Monach respiró profundamente.

—Entonces, ella era una impostora.

—Sin ninguna duda. Yo no dije nada, por supuesto; ella no me había hecho ningún daño, y nadie me habría creído, en cualquier caso. Y no importaba. Si el dios es verdadero, ¿qué más da si la sacerdotisa no es lo que él pretende que sea?

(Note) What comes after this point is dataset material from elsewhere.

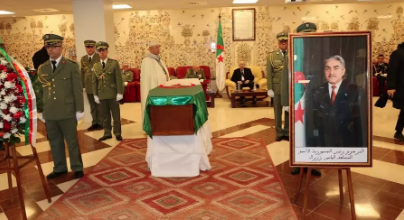 Décès de l'ex-chef d'Etat feu Liamine Zeroual. Dernier hommage au palais du peuple à Alger et au siège de la wilaya à Batna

O incluso si el dios no cree.

—Bastante —masculló el hermano—. De acuerdo, ha explicado que la sacerdotisa era una impostora. ¿Por qué cree que el dios era verdadero?

—Creía que ya se lo había dicho. —Otra risa—. Porque resucitó a los muertos, sanó a los enfermos, atrajo al trueno y predijo el futuro. —Una pausa—. El trueno quizá fuera un truco, claro, porque se puede producir de forma artificial. Pero también podría haber sido auténtico.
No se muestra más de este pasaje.